Al otro lado del Atlántico, el panorama no es mucho mejor: el Reino Unido registra el peor mercado laboral para sus graduados desde 2018, con un 33% menos de ofertas para recién titulados y la inteligencia artificial señalada como principal responsable del problema.
La ironía es evidente: las mismas herramientas que los desarrolladores crearon están empezando a difuminar el peldaño de entrada al oficio. Directivos de Alphabet o Microsoft reconocen que los copilots generan cada vez partes más significativas de su código mientras los profesionales se quejan de que ahora se sienten «como los almaceneros», y los despidos masivos se están convirtiendo ya en una parte del paisaje cada vez más normalizada. Para un joven en formación, «aprender a programar» ya no es una especie de salvavidas, sino que significa ponerse a competir con máquinas que no duermen y nunca se olvidan de un punto y coma.

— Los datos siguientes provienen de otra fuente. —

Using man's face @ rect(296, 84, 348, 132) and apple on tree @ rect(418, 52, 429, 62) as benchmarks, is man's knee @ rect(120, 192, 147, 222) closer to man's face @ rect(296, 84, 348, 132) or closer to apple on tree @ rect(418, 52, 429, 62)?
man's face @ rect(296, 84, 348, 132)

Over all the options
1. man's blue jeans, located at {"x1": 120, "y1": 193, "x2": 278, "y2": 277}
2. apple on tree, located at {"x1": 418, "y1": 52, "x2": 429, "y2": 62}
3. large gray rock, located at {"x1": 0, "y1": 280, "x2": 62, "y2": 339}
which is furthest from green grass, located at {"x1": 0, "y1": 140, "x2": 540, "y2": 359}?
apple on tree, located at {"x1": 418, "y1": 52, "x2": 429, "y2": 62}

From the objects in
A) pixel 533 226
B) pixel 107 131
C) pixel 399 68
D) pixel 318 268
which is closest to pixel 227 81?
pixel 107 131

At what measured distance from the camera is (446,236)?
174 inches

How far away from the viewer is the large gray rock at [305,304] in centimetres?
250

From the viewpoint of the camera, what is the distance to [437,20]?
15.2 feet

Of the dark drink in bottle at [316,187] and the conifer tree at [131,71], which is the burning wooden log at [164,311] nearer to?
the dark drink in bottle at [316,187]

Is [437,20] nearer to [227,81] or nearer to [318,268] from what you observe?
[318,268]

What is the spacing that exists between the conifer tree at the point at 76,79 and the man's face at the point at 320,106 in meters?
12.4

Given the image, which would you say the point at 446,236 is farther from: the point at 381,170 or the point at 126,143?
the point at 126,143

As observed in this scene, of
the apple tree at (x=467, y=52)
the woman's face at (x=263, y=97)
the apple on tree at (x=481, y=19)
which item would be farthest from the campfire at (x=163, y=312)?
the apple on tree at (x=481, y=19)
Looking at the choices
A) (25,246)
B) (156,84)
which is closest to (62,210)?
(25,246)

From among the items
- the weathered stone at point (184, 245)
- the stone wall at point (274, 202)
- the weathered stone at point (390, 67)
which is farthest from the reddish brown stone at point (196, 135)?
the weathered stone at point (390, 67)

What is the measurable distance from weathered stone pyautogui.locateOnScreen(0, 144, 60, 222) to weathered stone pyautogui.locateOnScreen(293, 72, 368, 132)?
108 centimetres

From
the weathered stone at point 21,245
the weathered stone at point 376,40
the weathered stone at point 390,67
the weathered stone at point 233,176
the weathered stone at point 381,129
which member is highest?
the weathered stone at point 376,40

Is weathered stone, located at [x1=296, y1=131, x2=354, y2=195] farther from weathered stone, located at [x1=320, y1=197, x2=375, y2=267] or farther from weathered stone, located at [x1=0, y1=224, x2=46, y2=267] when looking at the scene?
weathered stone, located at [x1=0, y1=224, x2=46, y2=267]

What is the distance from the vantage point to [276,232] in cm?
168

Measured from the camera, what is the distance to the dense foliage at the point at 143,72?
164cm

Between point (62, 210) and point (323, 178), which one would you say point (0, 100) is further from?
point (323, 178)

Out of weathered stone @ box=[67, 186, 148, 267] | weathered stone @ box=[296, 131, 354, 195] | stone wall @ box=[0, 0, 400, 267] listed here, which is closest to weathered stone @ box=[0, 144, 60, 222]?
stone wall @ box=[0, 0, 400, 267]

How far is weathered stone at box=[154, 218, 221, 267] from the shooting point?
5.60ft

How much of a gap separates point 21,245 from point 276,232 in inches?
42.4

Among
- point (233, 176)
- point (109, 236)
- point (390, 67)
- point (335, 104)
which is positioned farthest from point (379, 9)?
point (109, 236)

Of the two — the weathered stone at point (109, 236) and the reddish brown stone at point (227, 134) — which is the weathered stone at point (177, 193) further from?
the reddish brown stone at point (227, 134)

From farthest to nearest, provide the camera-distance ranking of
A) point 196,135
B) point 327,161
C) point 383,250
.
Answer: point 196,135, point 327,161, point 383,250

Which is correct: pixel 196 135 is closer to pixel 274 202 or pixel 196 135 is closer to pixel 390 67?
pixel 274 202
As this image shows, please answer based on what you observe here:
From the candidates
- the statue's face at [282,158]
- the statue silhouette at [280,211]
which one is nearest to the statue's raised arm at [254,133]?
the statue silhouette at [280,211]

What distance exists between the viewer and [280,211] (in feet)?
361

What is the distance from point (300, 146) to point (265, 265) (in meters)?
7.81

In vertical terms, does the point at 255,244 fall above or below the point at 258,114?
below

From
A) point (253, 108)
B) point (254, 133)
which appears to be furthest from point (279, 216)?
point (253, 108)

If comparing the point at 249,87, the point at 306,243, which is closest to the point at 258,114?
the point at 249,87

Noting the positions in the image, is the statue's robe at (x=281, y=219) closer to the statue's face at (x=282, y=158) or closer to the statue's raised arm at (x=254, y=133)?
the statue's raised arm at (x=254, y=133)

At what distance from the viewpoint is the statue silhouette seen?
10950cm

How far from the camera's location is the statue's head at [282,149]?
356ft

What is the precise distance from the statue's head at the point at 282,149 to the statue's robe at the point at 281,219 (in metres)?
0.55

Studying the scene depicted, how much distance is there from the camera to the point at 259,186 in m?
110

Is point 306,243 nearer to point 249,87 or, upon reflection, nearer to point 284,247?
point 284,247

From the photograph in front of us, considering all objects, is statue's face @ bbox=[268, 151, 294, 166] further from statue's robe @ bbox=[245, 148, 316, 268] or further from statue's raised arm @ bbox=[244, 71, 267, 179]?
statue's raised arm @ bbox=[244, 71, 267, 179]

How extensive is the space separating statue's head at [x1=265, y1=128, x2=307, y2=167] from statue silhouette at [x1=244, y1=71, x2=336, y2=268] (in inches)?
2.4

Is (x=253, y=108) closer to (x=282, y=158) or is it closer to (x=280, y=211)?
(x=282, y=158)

Esta percepción ha detonado un intenso debate académico. Un artículo en el prestigioso journal Communications of the ACM se pregunta si debe endurecerse la admisión a los grados de informática o, por el contrario, flexibilizarla para atraer perfiles capaces de orquestar sistemas de IA en lugar de escribir cada línea de código. La cuestión de fondo es redefinir qué significa hoy «estudiar informática» cuando programar es una tarea que se está automatizando de una forma cada vez más acelerada.
Las cifras no solo hablan de recortes. El AI Index 2025 de Stanford, resumido por IEEE Spectrum, muestra que las ofertas que exigen competencias en inteligencia artificial han vuelto a crecer y ya suponen el 1.8% de todos los anuncios en el mercado estadounidense, frente al 1.4 % en 2023. El AI Jobs Barometer 2025 de PwC concluye que los trabajadores con habilidades como prompt engineering reciben pluses salariales del 56%, mientras las industrias más expuestas a la inteligencia artificial generan tres veces más ingresos por empleado que las más rezagadas. Es decir, se destruye empleo rutinario, pero se crean puestos supuestamente más especializados y mejor pagados.
Todo apunta, pues, a un doble desplazamiento: las universidades de élite elevarán la exigencia para formar a quienes empujen los límites del desarrollo de la propia inteligencia artificial, desde algoritmos a sistemas distribuidos pasando por seguridad, ética, etc., mientras proliferan programas más aplicados que enseñen a integrar modelos generativos en procesos de negocio, diseñar experiencias de usuario o auditar sistemas autónomos. No habrá menos ingenieros, sino ingenieros diferentes: arquitectos de sistemas híbridos, curadores de datos, diseñadores de interacción y, sobre todo, traductores entre necesidades humanas y capacidades algorítmicas.
Para los profesionales en activo, la moraleja parece clara: las competencias puramente mecánicas pierden valor a la misma velocidad con la que los modelos se va actualizando y van ganando prestaciones. Ganan peso el pensamiento crítico, la comunicación, la abstracción interdisciplinar y la responsabilidad sobre impactos sociales. El futuro de la ingeniería informática no es la extinción de los humanos, sino la de quienes no aprendan – y como llevo ya muchos años diciendo, desaprendan – con la misma velocidad que sus propias herramientas.